The vast majority of people never even asked for a personal assistant, because that isn’t something normal people have or do need in the first place. They aren’t so occupied/privileged/posh to need someone to do the trivial tasks of daily life for them.

This whole venue of technology is an exercise in ivory tower construction completely disconnected from ordinary people.

Snoddas · 2026-06-09T08:55:56 1780995356

I think you are wrong.

They never asked for one becase they never imagined being able to afford one.

The amount of administration organizing a normal household takes I suspect most would be glad to leave to someon/something they trust and that can be held accountable.

Today that someone needs to be a person (imo).

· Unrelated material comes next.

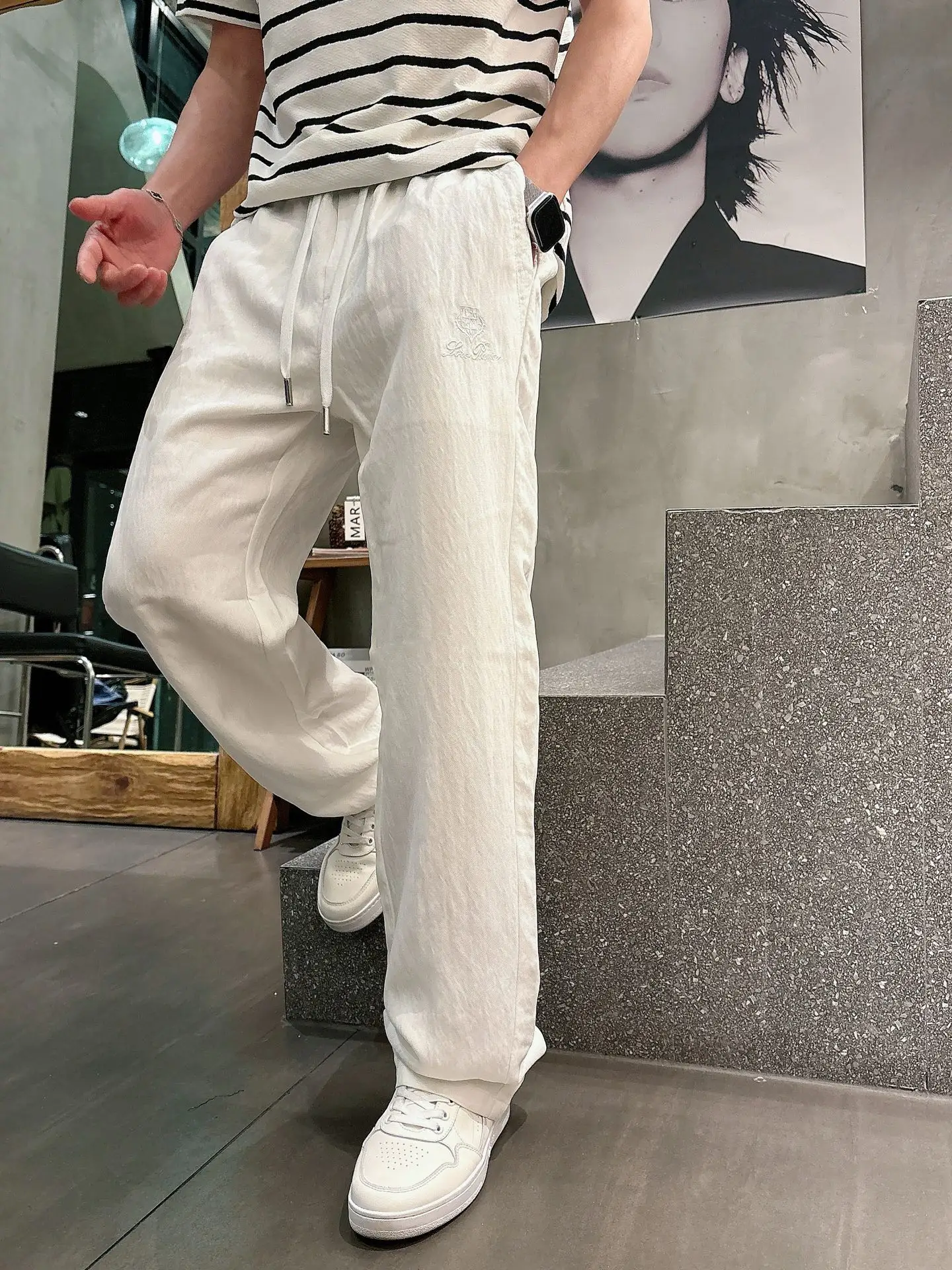 Embroidered Logo Drawstring Trousers D23513342 — view 8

But who knows, a startup may be plotting accountable digital assistans as we speak.

0x1d7 · 2026-06-09T21:34:43 1781040883

I would want someone who could physically work in my house, performing the chores/daily tasks I don't want to.

I have zero use for AI. What's it going to do? Read the 3 emails about bills I get?

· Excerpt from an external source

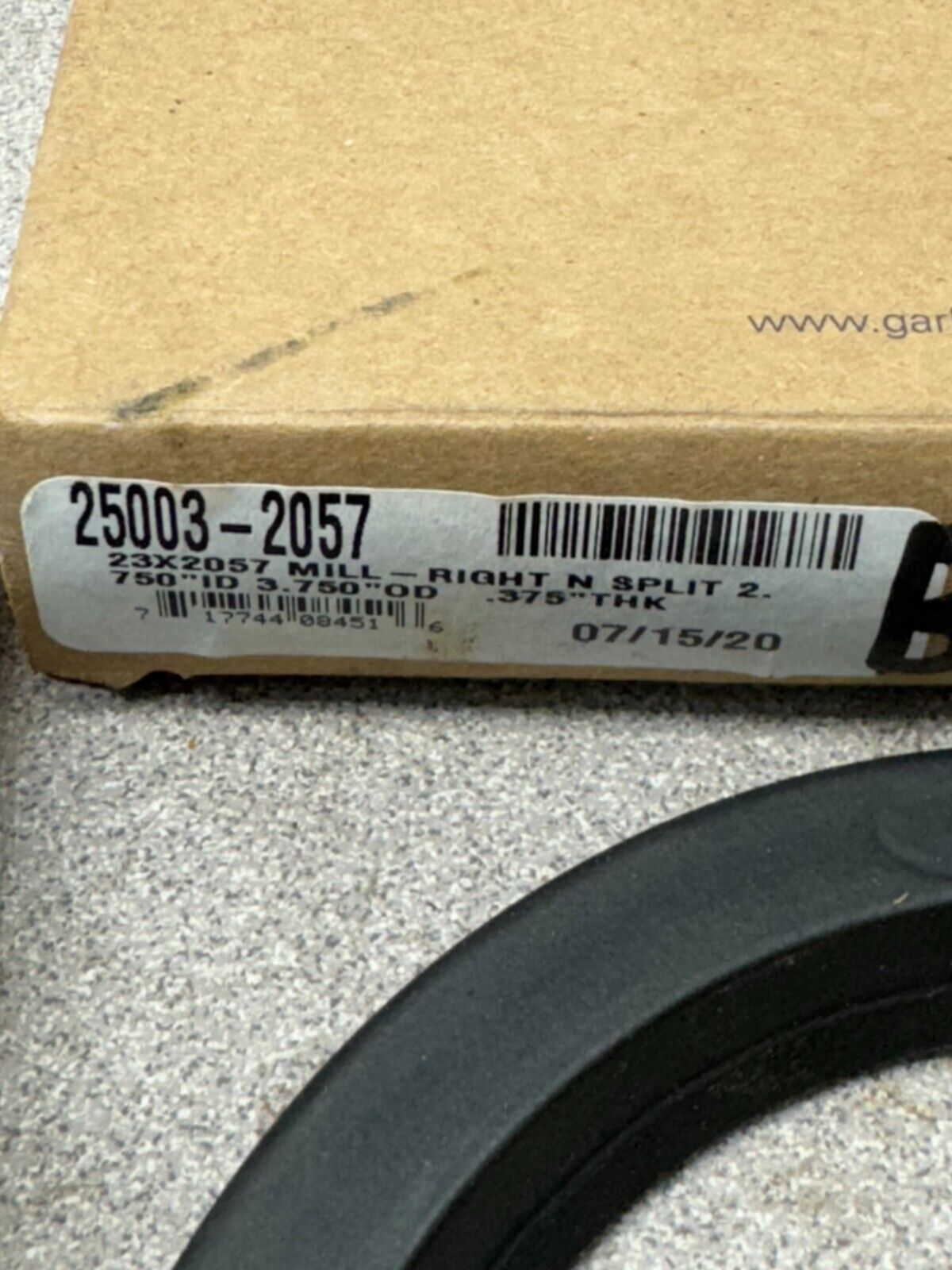 NEW IN BOX GARLOCK SPLIT SEAL 25003-2057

Certainly someone out there has a use for this functionality, but when you say "household admin tasks" the last thing I think about are /digital/ admin tasks.

djaro · 2026-06-09T09:49:16 1780998556

I think theres some real use cases in the household department. I would love an AI that I just tell my nutrition goals (I want to eat X calories, Y protein, Z fiber, hit all vitamins) and it just generates a full meal plan for me each day. Like, I go to the store and it made the complete shopping list for me. And automatically updates the rest of the day if I tell it I skipped a meal or ate a snack.

jon-wood · 2026-06-09T12:36:04 1781008564

I get where you're coming from but at least for me you appear to be looking to automate away the interesting bits while being left with the tedious ones. What I want is the opposite to what you're asking for - let me dump a rough meal plan into whatever thing is doing this giving an overview of what meals I want to cook this week and then have it go place an order with the supermarket for delivery of the necessary ingredients taking into account what I've got in the house already.

watwut · 2026-06-09T11:35:30 1781004930

Eating disorder as a service does indeed sound like a business plan.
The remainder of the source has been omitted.